To obtain a non-recursive method (that doesn't require computing all sums with lower exponents), note that in general, the sum with exponent \( p \) will be a polynomial of degree \( p+1 \), so another way to solve the sums is to performs an ansatz and compute the polynomial coefficients from particular values. 
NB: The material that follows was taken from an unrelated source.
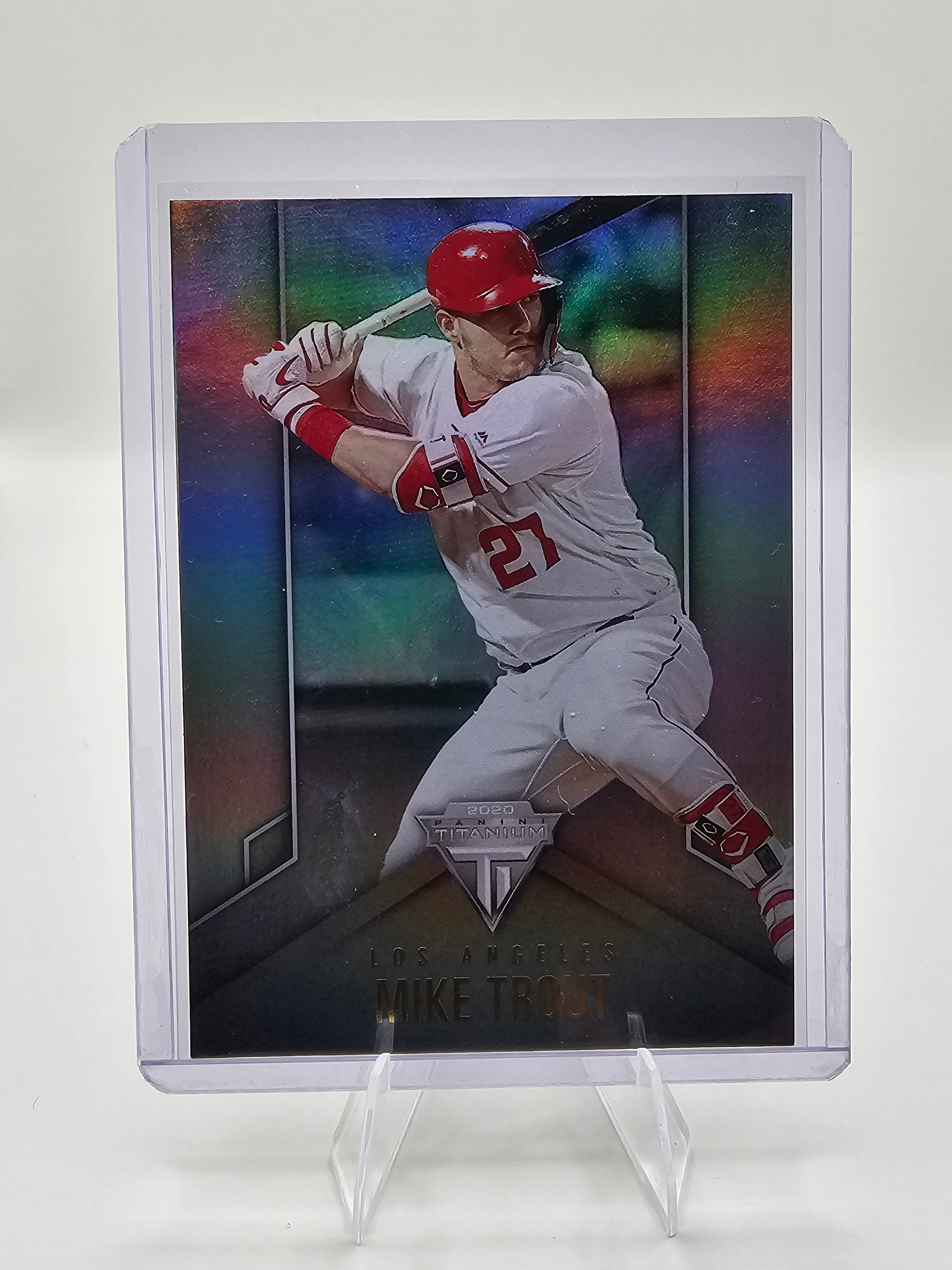 2020 Panini Titanium Mike Trout – Los Angeles Angels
Let's try the non-recursive algorithm to find the sum with \( p=4 \):
\[
\sum_{k=1}^n k^4 = 1^4+2^4+\ldots + n^4
\]
without first solving the sum for \( p=3 \).
For \( p=4 \), we know the closed form is a polynomial of degree \( p+1=5 \). So we set:
\[
\sum_{k=1}^n k^4 = 1^4+2^4+\ldots + n^4 = a_5 n^5 + a_4 n^4 + a_3 n^3 + a_2 n^2 + a_1 n + a_0
\]
We have 6 unknown coefficients, so we need (at least) 6 equations. These can be obtained by computing the quartic sum for \( n=1,2,\ldots,6 \):
\[
n=1 \implies a_5 + a_4 + a_3 + a_2 + a_1 + a_0 = 1
\]
\[
n=2 \implies 2^5 a_5 + 2^4 a_4 + 2^3 a_3 + 2^2 a_2 + 2 a_1 + a_0 = 17
\]
\[
n=3 \implies 3^5 a_5 + 3^4 a_4 + 3^3 a_3 + 3^2 a_2 + 3^1 a_1 + a_0 = 98
\]
and so on. 

Solving the linear system, we obtain: \( a_5=1/5, a_4=1/2, a_3=1/3,a_2=a_1=0, a_0=-1/30 \). You can either do this by hand (time consuming), or using a computer algebra system, or using this online calculator by copy-pasting the following:
a + b + c + d + t + f = 1
32*a + 16*b + 8*c + 4*d + 2*t + f = 17
243*a + 81*b + 27*c + 9*d + 3*t + f = 98
1024*a + 256*b + 64*c + 16*d + 4*t + f = 354
3125*a + 625*b + 125*c + 25*d + 5*t + f = 979
7776*a + 1296*b + 216*c + 36*d + 6*t + f = 2275

The identity is thus:
\[
\sum_{k=1}^n k^4 = 1^4+2^4+\ldots + n^4 = \frac{n^5}{5} + \frac{n^4}{2} + \frac{n^3}{3} - \frac{1}{30}
\]


This approach is taken far beyond sums of powers in the computer algebra development of Wilf-Zeilberger pairs.